Ruby-red treasure in your backyard

I enjoy going on sightseeing tours and taking different routes through quaint little towns and villages whenever I can. A buddy of mine is a crop consultant and a few times in the summer we tour the countryside to see how the crops are doing in eastern Ontario. He needs to compare crops; I need fodder for columns.

We recently stopped for lunch in the bustling tourist town of Merrickville, which is between Ottawa and Brockville. The town is a motorcycle haven. Shiny chrome motorcycles are parked all along the main street and some side streets.

We visited a museum that displayed agricultural antiques and then watched boats go down the Rideau River canal locks. There are three in Merrickville and it is an interesting sight to see boats going through the locks.
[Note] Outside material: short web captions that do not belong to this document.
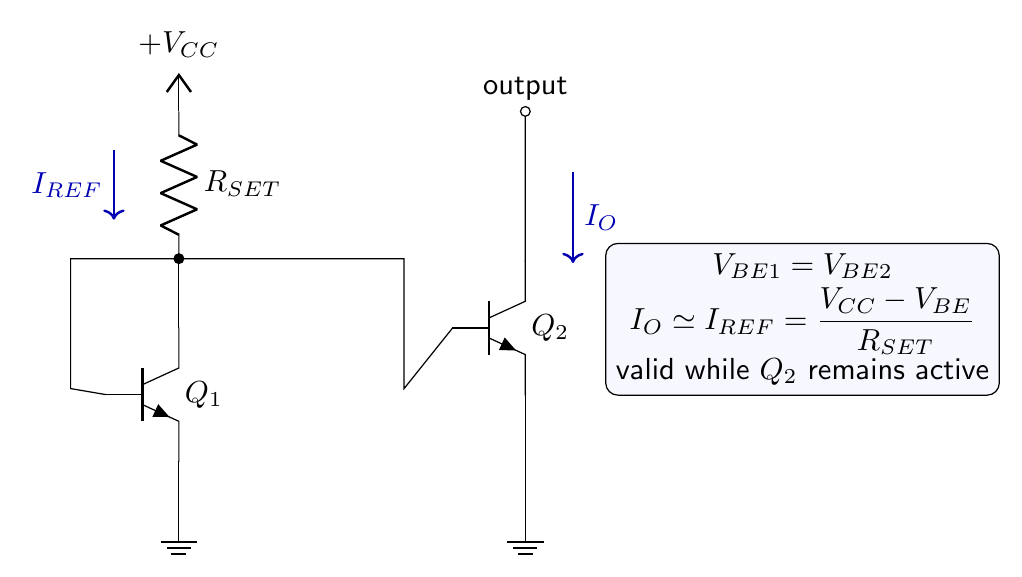 Two-transistor NPN current mirror with a resistor setting the reference current and an output collector supplying the mirrored sink current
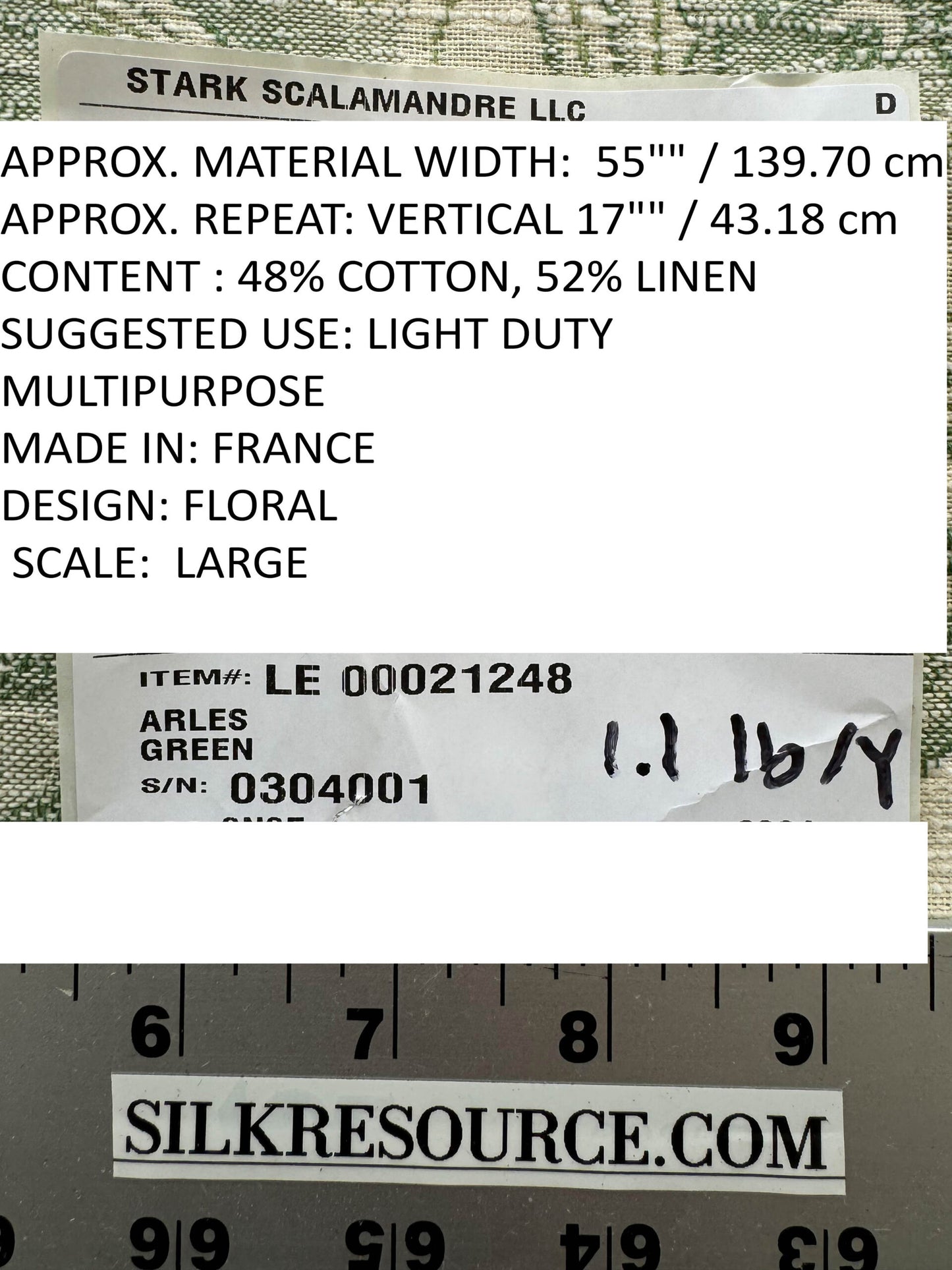 Scalamandre Arles Green Floral Botanical Cotton Linen MSRP USD 196/y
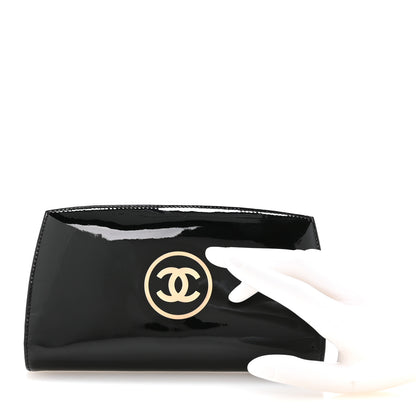 Chanel Patent CC Trousse Maquil Yen Wallet Black 2 of 9
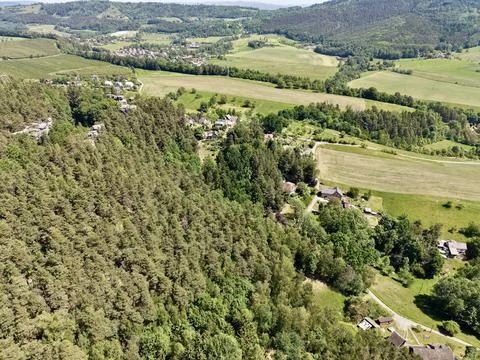 Aerial landscape of forests and fields Stock Photos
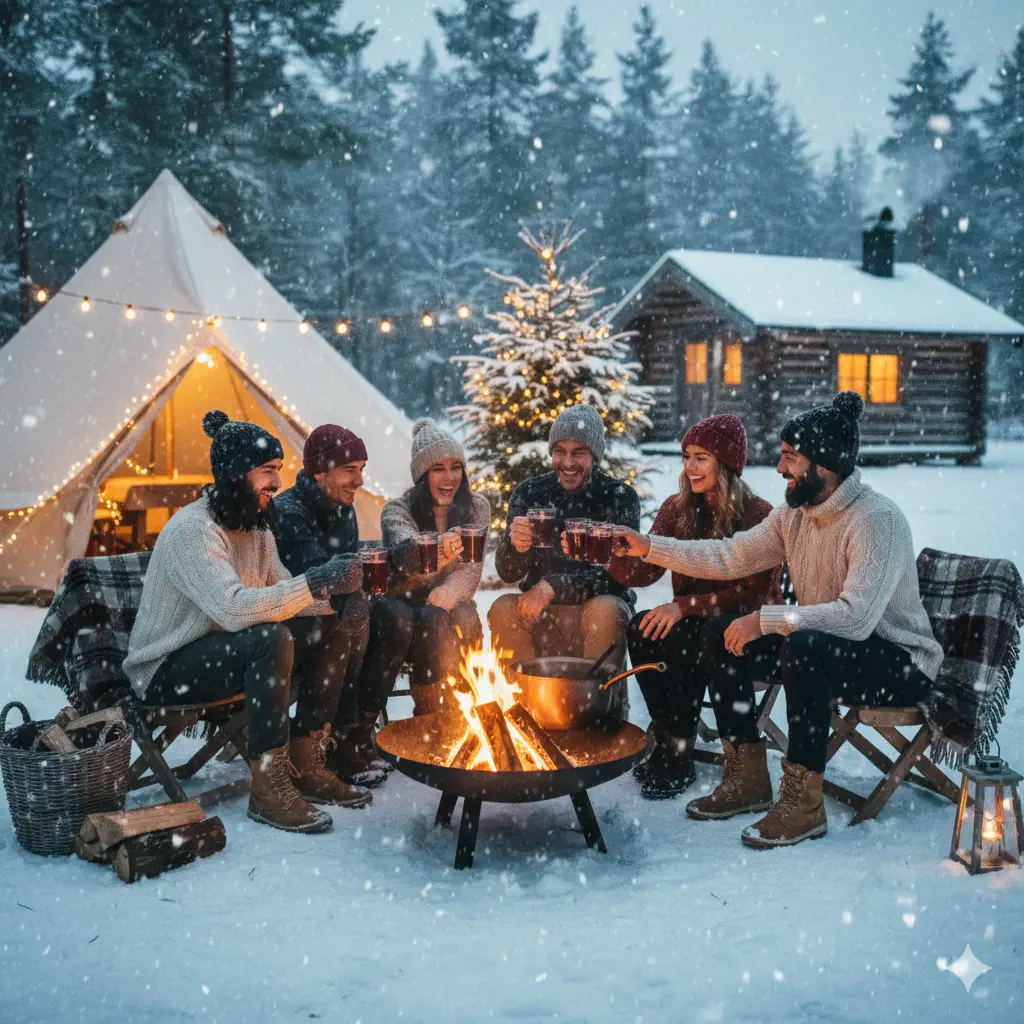 Nothing like a cup of warm mulled wine while camping in the woods under a snow blanket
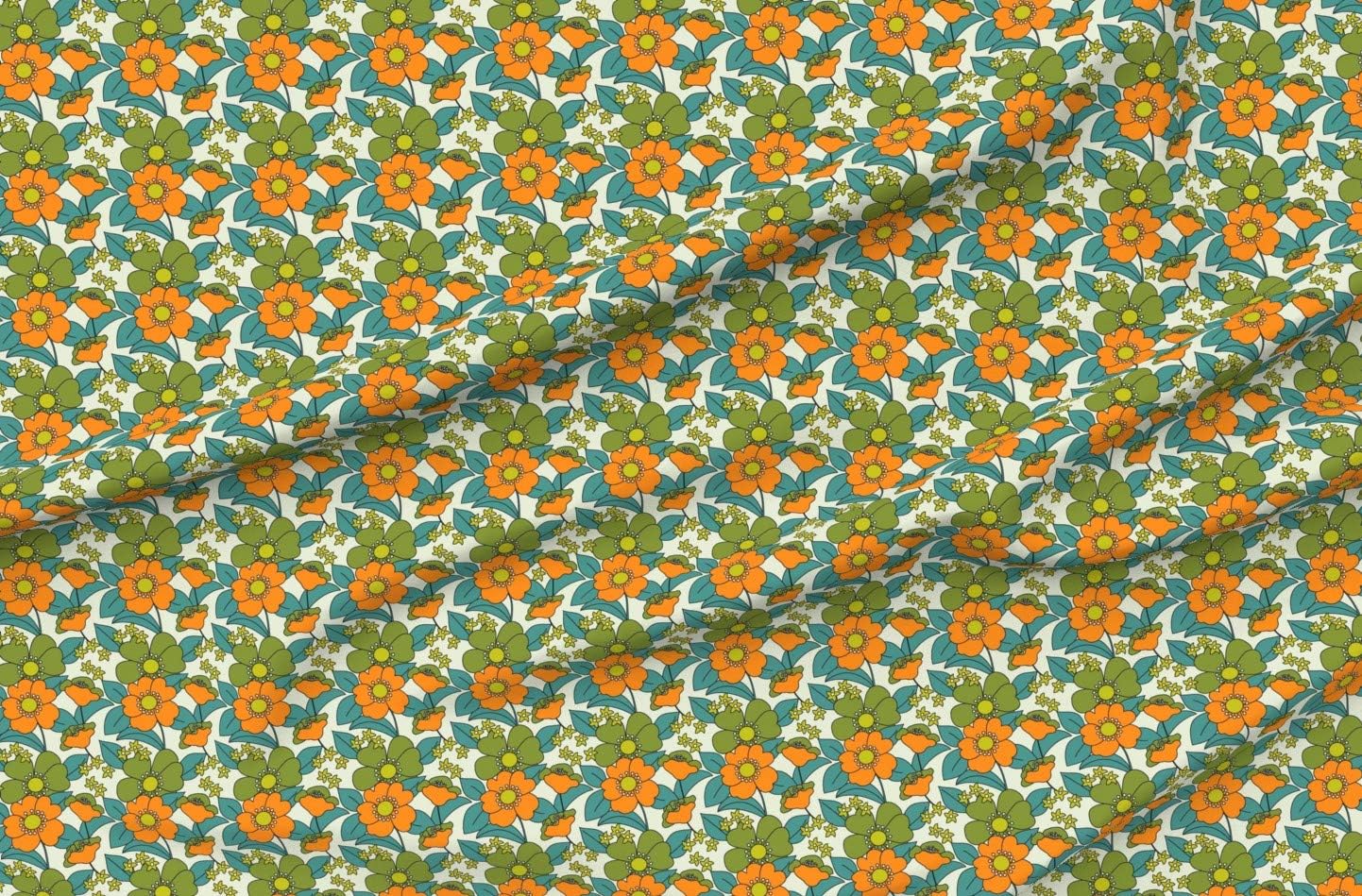 Spoonflower Fabric - 70S Floral Orange Retro Funny Hippie Medium Olive Green Teal Vintage Printed on Organic Cotton Sateen Fabric by The Yard - Sewing Quilting Apparel Home Decor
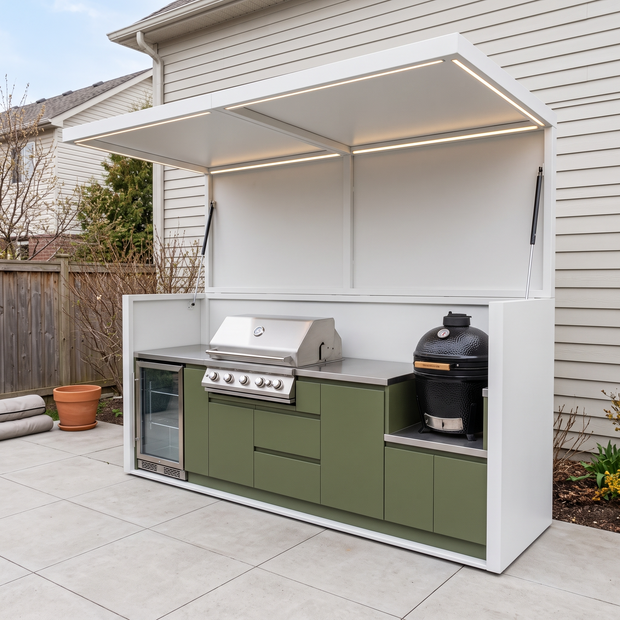 3.2m Made-to-Order Stainless Steel Outdoor Kitchen & BBQ Pod with Shed – Covered Canopy, Fridge & Sink Station for Garden – Olive Green Cabinet Doors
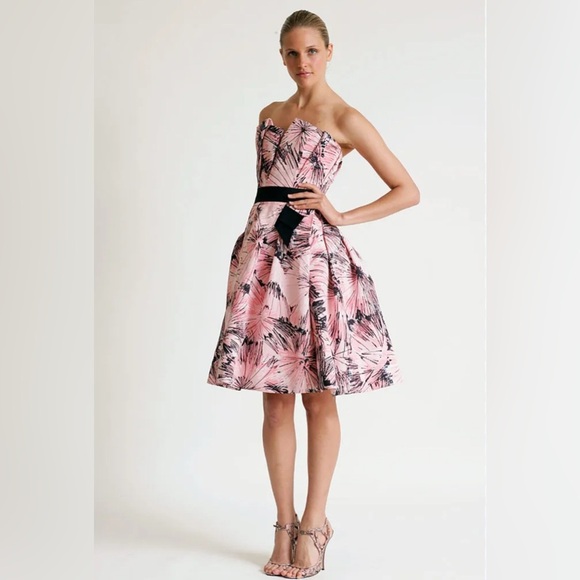 CAROLINA HERRERA 10 Silk Splash Parasol Print Strapless Cocktail Pink MADE USA - Picture 1 of 16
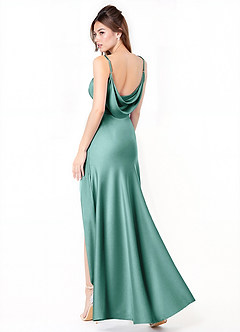 Azazie Alaija Vestidos de damas de honor Vestido de Aqua de Satén Elástico de Corte Sirena con Corte Lateral image1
It’s a slow process. The three locks have a total lift of 25 feet. The original locks are still in use and still operated by muscle power. Lock staff crank the distinctive “crab” winches.

Sweet vegetable

Merrickville and many other small rural towns produce excellent rhubarb. Wherever you drive you see neglected rhubarb patches. So I’m amazed when I see rhubarb stalks in a grocery store for $4.99 a pound and at farmers’ market for $3 a handful. Who is buying it? I found the answer on the cover of a recent Chatelaine magazine — “18 Best Rhubarb Recipes for Spring.” Ah, avid home bakers wanting to try new recipes!

Ontario rhubarb with its rosy colour and tart flavour make it a favourite for pies, tarts and cakes, to say nothing of preserves and cobblers. Some recipes on Ontario’s Foodland website call for Ontario rhubarb while other ones call for Ontario Greenhouse rhubarb. Look for crisp, firm stalks. Colour may vary from various shades of green to deep ruby red. Greenhouse rhubarb has very small, bright yellow-green leaves, rosier-coloured stalks and a milder flavour than that grown naturally outdoors.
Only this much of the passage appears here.